Une bourse implique par définition du risque et de l’incertitude. Mais les traders comptent fondamentalement sur l’idée que les fluctuations sont relativement mineures, qu’elles se produisent dans une fourchette présentant une certaine prévisibilité. Lorsque les fluctuations commencent à s’affoler, ce qui signifie qu’elles deviennent amples et brusques, les traders paniquent, ce qui est compréhensible. Et lorsqu’ils paniquent, inévitablement, ils accentuent encore les fluctuations. C’est un cercle vicieux.
Au moment même où les traders new-yorkais paniquaient, ils pouvaient voir sur leurs écrans les émeutes d’Athènes. Ce qui les bouleversa un peu plus encore, pour deux raisons. Ils étaient dans une profonde incertitude sur la façon dont les pays de l’Union européenne finiraient par décider d’aider la Grèce (à supposer même qu’ils se décident à l’aider). Ils étaient dans une profonde incertitude sur ce que les problèmes de la Grèce avaient comme implications pour les banques américaines, européennes et japonaises. Ils étaient, enfin, dans une profonde incertitude sur le fait de savoir si la possible faillite de la Grèce pourrait entraîner un délitement complet des marchés financiers mondiaux.
Mais surtout, ils avaient raison de redouter les émeutes. Celles-ci ont été le résultat des peurs grecques. Ce qui a inquiété la plupart des Grecs, c’est la probabilité palpable que leurs revenus réels soient radicalement réduits au cours des prochaines années. Ils étaient en colère contre ceci et en avaient très peur. Et ils n’étaient absolument pas convaincus que ce fût, d’une façon ou d’une autre, leur faute et une faute pour laquelle ils devraient payer.

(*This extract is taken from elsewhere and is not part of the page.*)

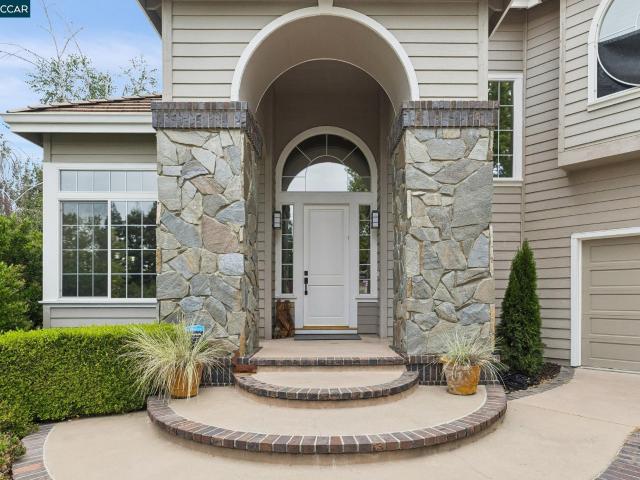 House for sale in Walnut Creek, California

Mais les peurs des citoyens grecs ne sont clairement que le sommet d’un iceberg planétaire, ce dont les dirigeants du monde entier, et les traders des bourses, sont bien conscients. Le problème du gouvernement grec est très simple. Ses recettes fiscales sont trop faibles et son niveau de dépenses trop élevé pour ses revenus actuels et dans un avenir prévisible. Il doit donc soit augmenter ses impôts (s’il arrive à les collecter) soit réduire les dépenses, soit les deux à la fois, et de façon draconienne. C’est, toutefois, aussi le problème de l’Allemagne, de la France, de la Grande-Bretagne, des Etats-Unis, et la liste est longue. Et les rares pays qui ont l’air d’avoir pour l’instant la tête hors de l’eau sur le plan fiscal (comme le Brésil ou la Chine) ne sont pas exempts d’un risque de contagion. Les Grecs descendent dans la rue pour protester. Mais cela va se propager. Et, avec cette propagation, les marchés financiers mondiaux vont devenir plus volatils encore et les peurs se développeront, elles ne se contracteront pas.

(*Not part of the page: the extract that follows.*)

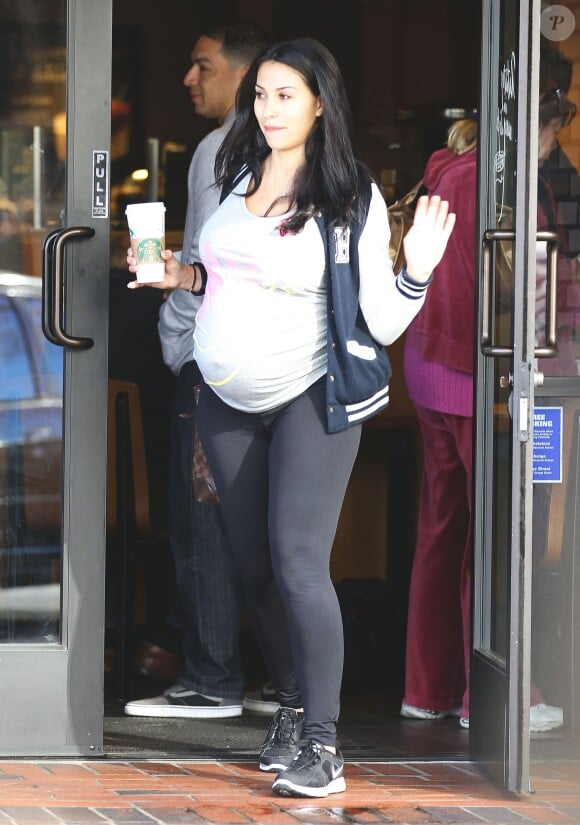 Exclusif - La nouvelle compagne du footballeur americain Reggie Bush, Lilit Avagyan est enceinte. Glendale, le 8 mars 2013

La grande réponse politique a partout été de gagner du temps avec de la monnaie fiduciaire empruntée ou imprimée. L’espoir est que, d’une façon ou d’une autre, pendant le temps emprunté à crédit, un retour de la croissance économique se produise, restaure la confiance et mette fin à la panique réelle et latente. Les politiques s’emparent de tous les petits signes de retour de la croissance et les sur-interprètent. Les applaudissements qui ont accueilli les récentes créations d’emploi aux Etats-Unis en fournissent un bon exemple, alors que ces créations d’emploi ont été inférieures à la croissance de la population sur la même période.

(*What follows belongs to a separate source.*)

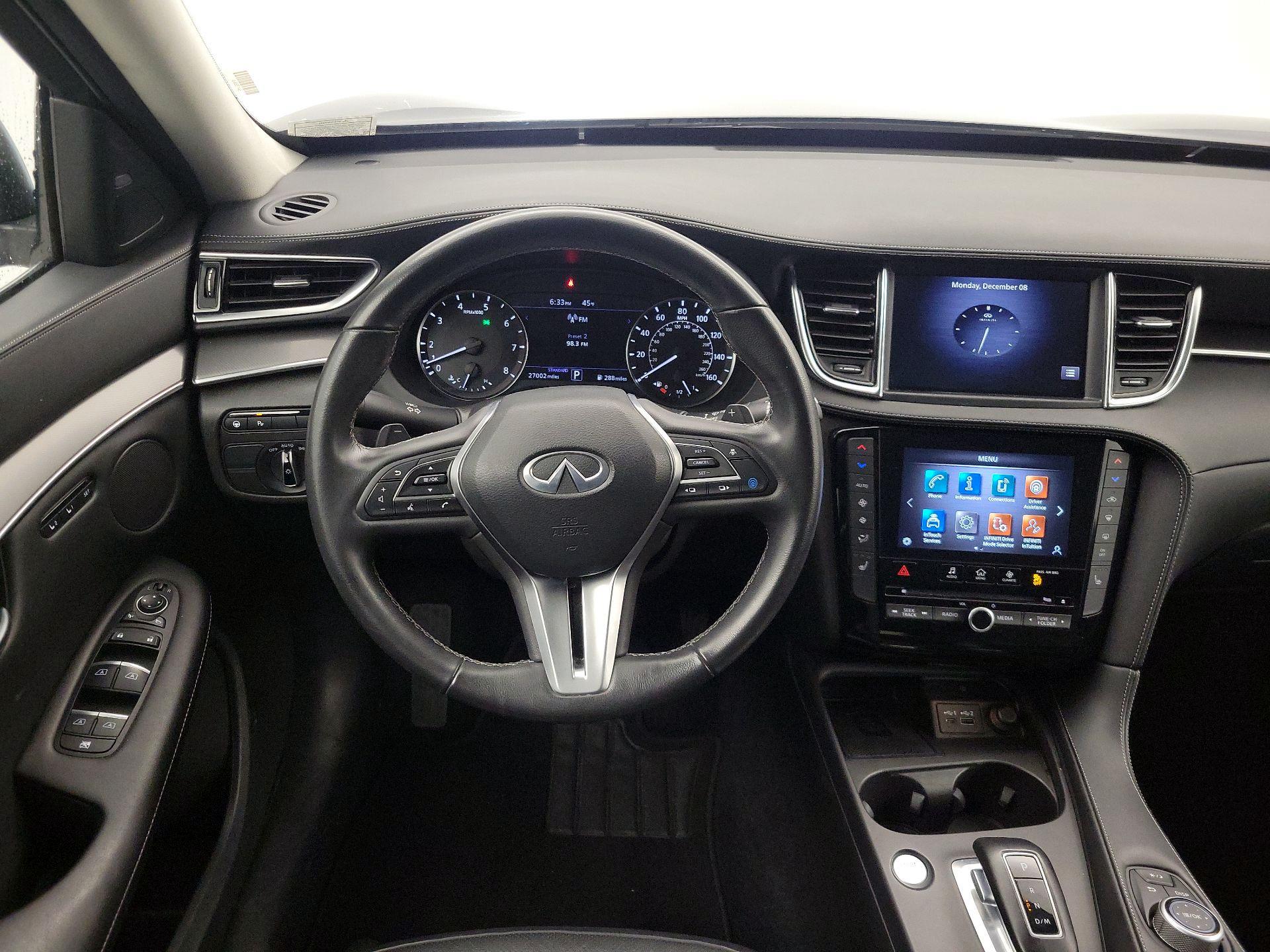 Thumbnail: 2024 INFINITI QX50 - 10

La peur n’est pas irrationnelle. Elle est la conséquence de la crise structurelle du système-monde. Elle ne peut pas être réglée avec les sparadraps que les gouvernements utilisent pour traiter les graves maux auxquels l’on est aujourd’hui confrontés. Quand les fluctuations deviennent trop grandes et trop rapides, personne ne peut planifier rationnellement. Par conséquent, les gens n’agissent plus en acteurs raisonnablement rationnels dans une économie-monde relativement normale. Et c’est ce niveau de peur exacerbée qui constitue la réalité fondamentale de l’époque présente.